Saturday 22 November 2008

The Swedish Depression

I've long been of the view that the suddenly fashionable Swedish solution - the temporary public ownership/co-ownership of banks to allow them to be re-capitalised and sold back to the private sector - is, actually, not likely to be that temporary. Robert Peston reminds us that governments around the world have bailed out those banks to the tune of $500bn - about one sixth of the entire annual output of the world. That's not so easy to recoup in a declining market. Where are these private sector investors with another sixth of the world's output who would want to buy these recapitalised banks?

For banks to be attractive to private investors again they'd have to be profitable. Which is achievable, at least in principle: but only at the cost of being much, much more cautious in terms of who they lend too and at what rates. And therein lies the problem. New Labour - well, all mainstream politicians - are caught between a rock and a very hard place. Get their money back from the banks or get the economy working again. The point of Keynesian anti-cyclical reflationary measures is not boost government spending forever, but to stimulate a private sector up-turn. Which can't happen if the banks won't lend on reasonable terms.
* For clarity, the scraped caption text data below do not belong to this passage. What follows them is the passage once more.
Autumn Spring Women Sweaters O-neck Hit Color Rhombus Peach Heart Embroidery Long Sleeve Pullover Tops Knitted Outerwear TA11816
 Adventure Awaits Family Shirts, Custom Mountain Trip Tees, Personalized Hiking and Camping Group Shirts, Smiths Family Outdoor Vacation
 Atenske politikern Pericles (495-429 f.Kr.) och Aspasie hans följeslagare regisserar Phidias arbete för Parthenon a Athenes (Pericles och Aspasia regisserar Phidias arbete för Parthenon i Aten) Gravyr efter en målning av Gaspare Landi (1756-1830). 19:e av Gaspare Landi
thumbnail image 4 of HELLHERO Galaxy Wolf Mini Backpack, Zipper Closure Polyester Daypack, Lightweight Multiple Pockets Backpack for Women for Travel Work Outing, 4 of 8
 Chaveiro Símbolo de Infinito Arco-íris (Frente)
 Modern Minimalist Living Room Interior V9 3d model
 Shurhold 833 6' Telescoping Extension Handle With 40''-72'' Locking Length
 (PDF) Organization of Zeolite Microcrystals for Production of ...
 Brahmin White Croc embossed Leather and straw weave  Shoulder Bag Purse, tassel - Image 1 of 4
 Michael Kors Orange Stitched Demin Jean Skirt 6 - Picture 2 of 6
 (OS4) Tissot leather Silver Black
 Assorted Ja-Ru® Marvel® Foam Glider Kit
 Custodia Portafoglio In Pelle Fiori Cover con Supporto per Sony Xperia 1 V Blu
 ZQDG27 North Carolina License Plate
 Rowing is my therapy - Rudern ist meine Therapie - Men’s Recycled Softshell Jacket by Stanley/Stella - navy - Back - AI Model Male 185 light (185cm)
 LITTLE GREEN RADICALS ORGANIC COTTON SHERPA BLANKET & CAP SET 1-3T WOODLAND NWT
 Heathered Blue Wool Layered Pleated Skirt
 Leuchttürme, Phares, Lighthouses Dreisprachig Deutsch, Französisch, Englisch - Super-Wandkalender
Which allows the Newt a clever solution to that undergraduate essay so many people have blanched at about comparing and contrasting Marx and Keynes:

"...the most rational, and by far the cheapest, way to sort out the disastrous situation in the UK financial sector would be to proceed immediately to wholesale bank nationalisation. The immediate crisis, whereby the banks are refusing to lend even after the bail out packages, may make it the case that the only way out of the economic downturn is by wholesale bank nationalisation - a sort of Keynesian solution in the overall economy and a socialist solution in the catastrophically affected financial sector.
Indeed, t may be put more strongly. If the government retreats in face of the present policies by the banks, with their refusal to lend then it will not be possible to apply a Keynesian policy in the overall economy. Truly socialist policies, nationalisation, in the financial sector may well turn out to be the only way to apply Keynesian policies in the economy as a whole."

Well, yes, I can see that. Even mainstream politicians can see that. But there is a further twist for Britain in particular. Peston lays it on the line:

"On Monday, the chancellor will admit, by implication, that the government's industrial policy of the past decade has been something of a disaster.

Actually to call it an industrial policy is a bit misleading - but what I mean is the Treasury's celebration over many years of the UK's growing economic dependence on the City of London and financial services.

The City contributed around a third of our economic growth in the recent past and about 10% of total output....

The slump in the City has knocked around £40bn - yes £40bn! - from annual tax revenues.

And much of that tax revenue has probably gone forever, or at least for as long as the time horizon of most sensible forecasts (viz, up to five years). "

So I think this means that 'sensible people' - not bug-eyed lefty economic illiterates like me - are beginning to worry that:
(a) a Keynesian reflation package can't work without stronger state direction of bank lending practices ;
(b) But forcing the banks to lend on terms advantageous to the rest of the economy will, at minimum, delay their recovery of profitability and thus potential sale;and
(c) The banks aren't ever, at least in the foreseeable future, going to be as important to the British economy as they once were; so I ( if no one else) conclude
(d) We need to getting our people working in other sectors or face a future where the government can't afford to organise a meaningful Keynesian reflation in the first place.

I must go back to those books on the pre-1914 2nd International mouldering somewhere on my shelves. I have a distant memory of some people in that movement who argued that capitalism not merely had a inherent tendency to crisis, but contained within it the seeds of its own destruction and even that it would, inevitably, collapse almost without any intervention of the workers' movement. Laughable really - or at least I was taught to laugh at such lack of theoretical sophistication in my youth.

But the Swedes aren't famous for their jokes, are they?